PALMYRA, Mo. -- Palmyra High School will be bustling with activity from 10 a.m. to 3 p.m. Saturday as the BLP Holiday Gift Show helps usher in the Christmas shopping season.
The gift show, now in its 45th year, is one of Palmyra's biggest annual events. Sponsored by the BLP Women's Club of Palmyra, the show typically attracts between 1,800 and 2,000 patrons looking to get an early start on their Christmas shopping.
"There's a wide variety of shopping for people to do," said Kathy Nicholson, the club's president.
Nicholson said about 80 vendors will be stationed in the high school offering all sorts of art, handmade crafts and commercial items.
"We have china painters, woodworkers and people who repurpose old things. And we have people who make beautiful wreaths, candles, candy and a variety of things," she said.
Admission to the show is $2 for anyone age 5 and older.
The BLP Women's Club uses the show as its only fundraiser. The club will use all proceeds from admission charges, lunch sales and vendor fees to give grants to local charitable causes.
"That's the reason we do it," Nicholson said.
She said grants are given to such organizations as the Palmyra Nutrition Center, food pantry, the Marion County Library in Palmyra and Maple Lawn Nursing Home.
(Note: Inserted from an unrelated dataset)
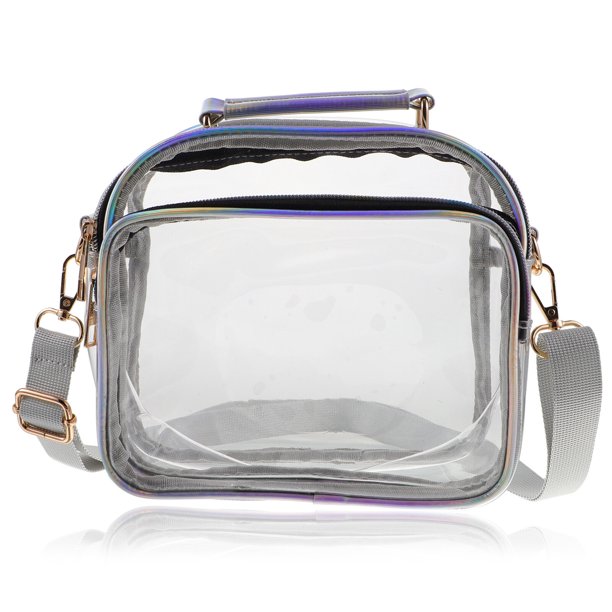 Clear Crossbody Messenger Transparent Shoulder Bag Concert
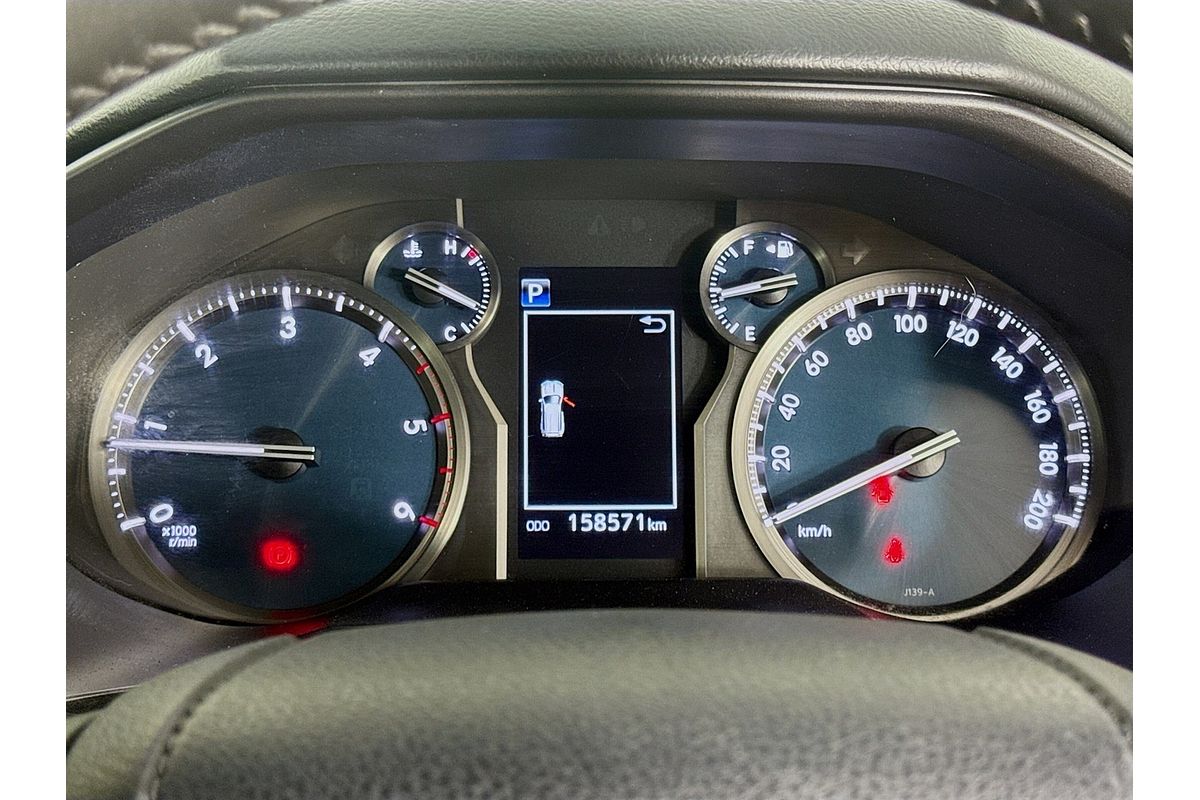 2019 Toyota Landcruiser Prado GXL GDJ150R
Money also is used to buy school supplies for children in the elementary and middle schools, and to buy supplies for the Paws Packs program, which sends home extra food with students who might not be getting enough to eat.
Nicholson said the club's 23 members will serve lunch and a variety of homemade desserts.
In addition, a team of Palmyra High School students will help set up the gift show and work in the kitchen. The students also will help carry the vendors' merchandise from the parking lot to their booths.
"We're very fortunate to have these young men and women," Nicholson said. "We're very proud of them."
She noted that the Holiday Gift Show "is big and it's good," and it also gets crowded.
"We do ask families not to bring strollers because the crowd is so large that the strollers are just not safe," she said. "We don't want anybody to get run over."